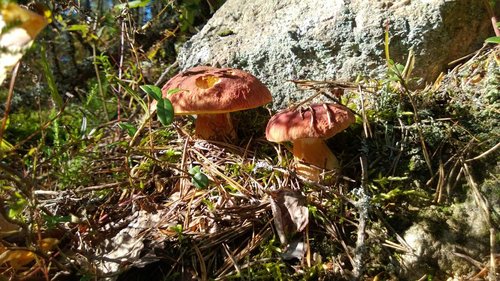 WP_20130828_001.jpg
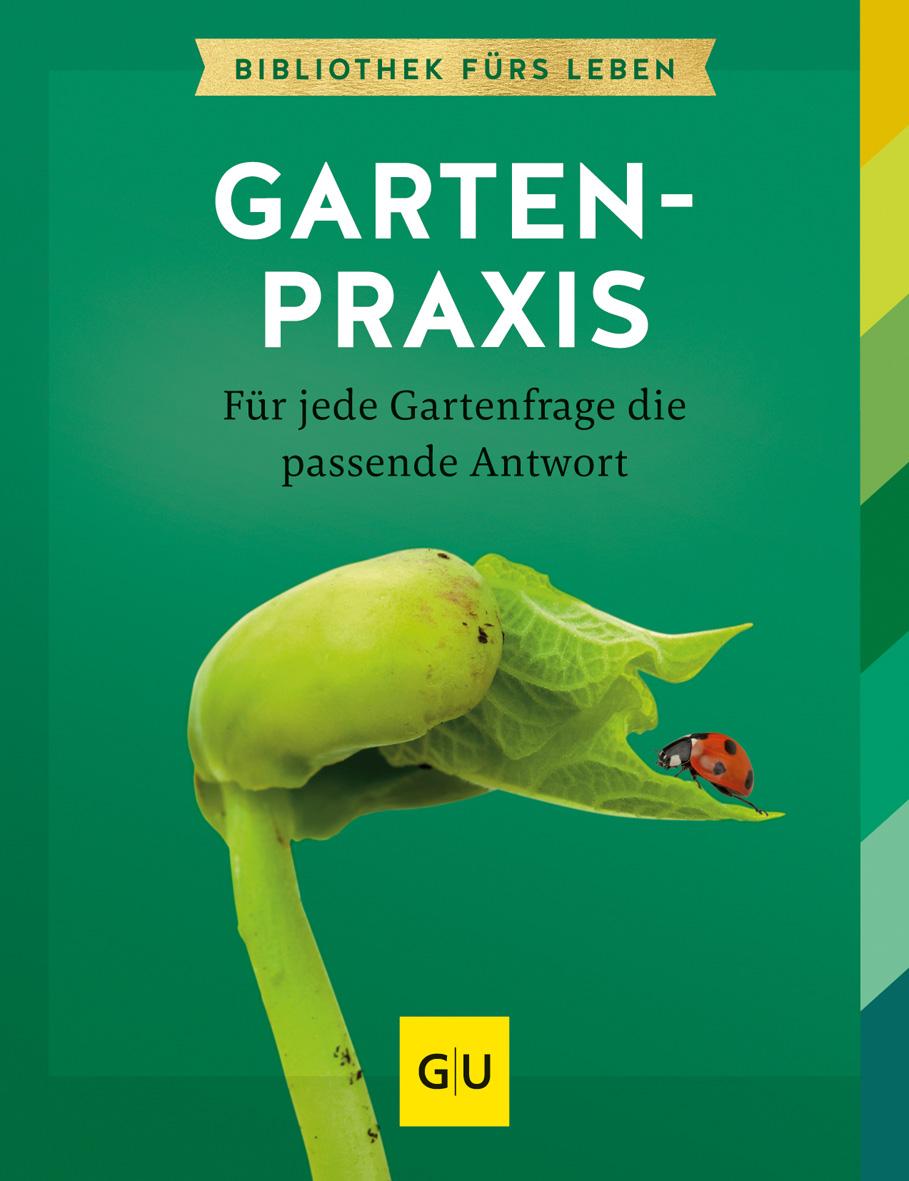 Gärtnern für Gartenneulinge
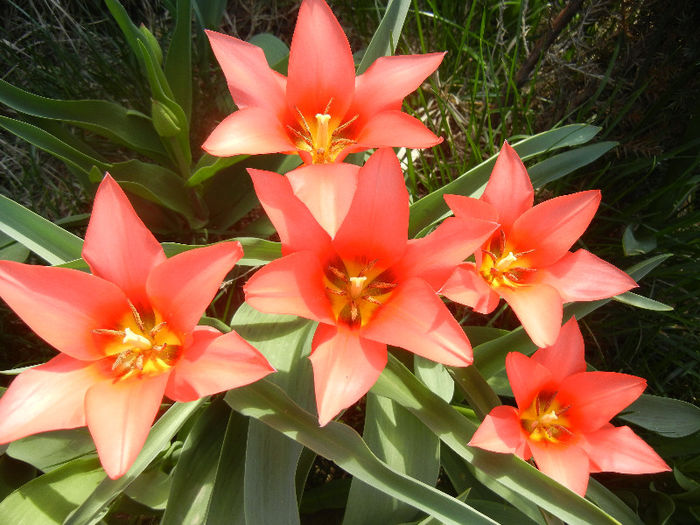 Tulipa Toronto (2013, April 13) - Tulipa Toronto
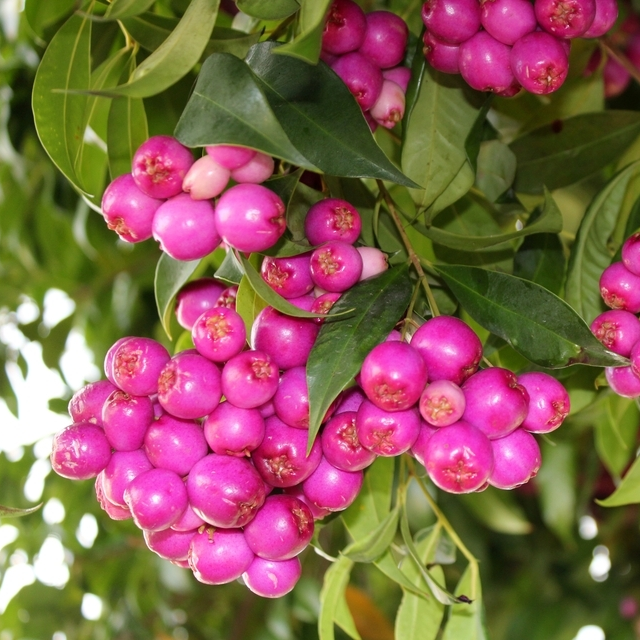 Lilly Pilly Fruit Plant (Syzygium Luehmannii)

══════════

### WHAT IS REQUIRED:
Please give the data again unaltered, leaving out any images.

### THE ANSWER:
 WP_20130828_001.jpg
 Gärtnern für Gartenneulinge
 Tulipa Toronto (2013, April 13) - Tulipa Toronto
 Lilly Pilly Fruit Plant (Syzygium Luehmannii)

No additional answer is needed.